Uber, in a statement on Tuesday, denied that the case would affect as many drivers, and said that only a few hundred drivers would be able to participate in the action.
“This is because the ruling found that only drivers who either stopped driving before June 2014 or drove after June 2014 but chose to opt out of the arbitration option in their agreements, are eligible,” Abby Horrigan, the managing counsel for employment at Uber said in a statement on the group’s website.
“Before June 2014, our business in California was mostly UberBLACK, primarily drivers who work for limo companies: They cannot be part of the case. This is because the court has ruled that those drivers never had a contract directly with Uber. Individuals who registered with Uber as a corporation also cannot participate in the class [action],” the statement said.
An Uber spokesperson told the AFP news agency that the company would “most likely appeal the decision as partners use Uber on their own terms and there really is no typical driver – the key question at issue”.

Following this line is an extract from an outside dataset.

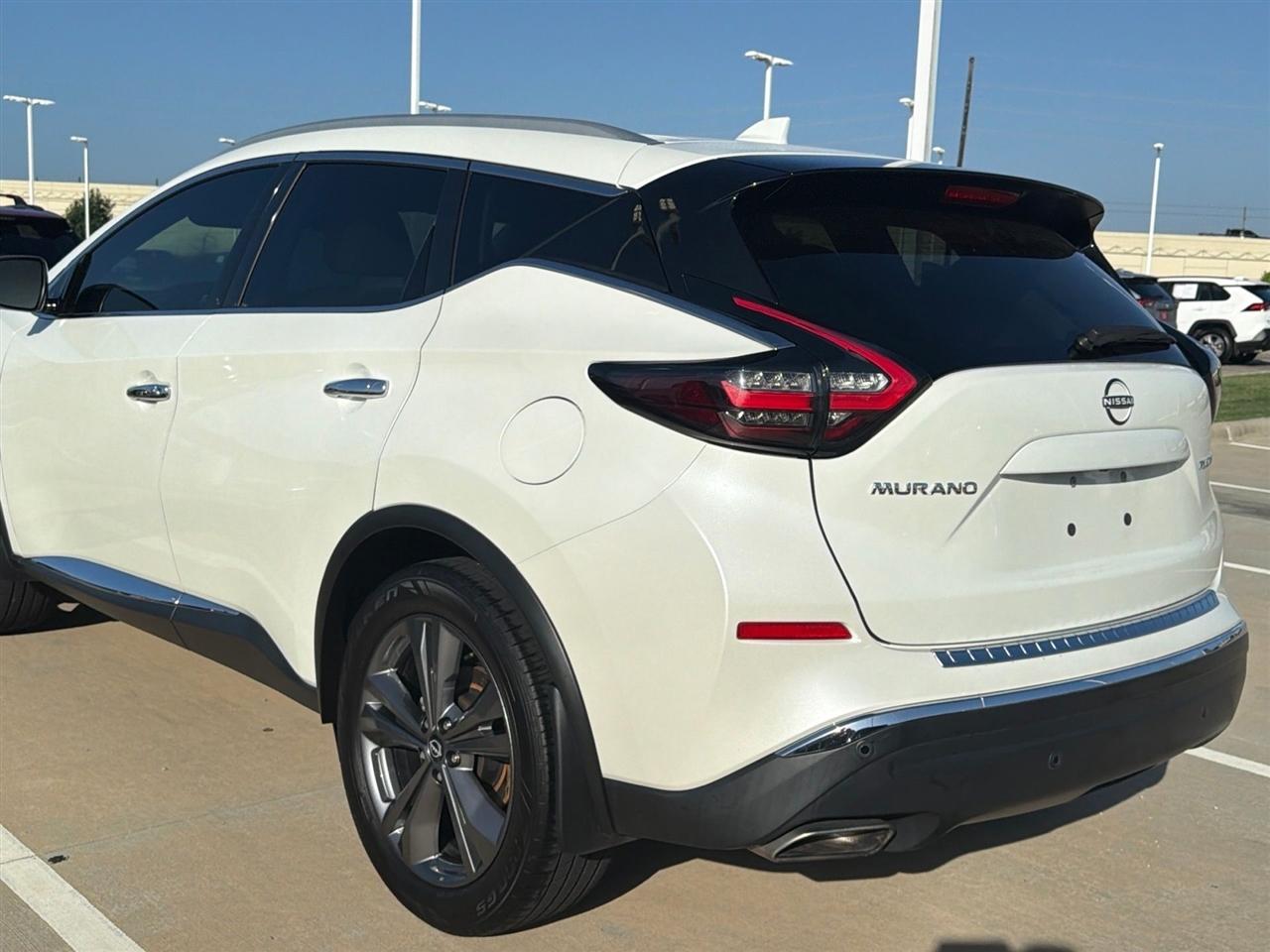 Nissan Murano Platinum 2024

However, the case could have broad implications for the “sharing” economy, which is currently based on independent contractors earning money through web-based services that offer them little or no employment protections like pension contributions or health insurance.
“This case is going to have a major effect on not just Uber but all these businesses and business models,” Saint Louis University law professor Miriam Cherry told the tech news website Ars Technica.
In a separate case in June, a California labour board ruled that an Uber driver was an employee, not a contractor. But that ruling applied only to that single driver.
Democratic presidential frontrunner Hillary Clinton also said recently she would “crack down on bosses who exploit employees by misclassifying them as contractors”.
“This on-demand, or so-called gig economy, is creating exciting economies and unleashing innovation,” Clinton said in June.
“But it is also raising hard questions about workplace protections and what a good job will look like in the future.”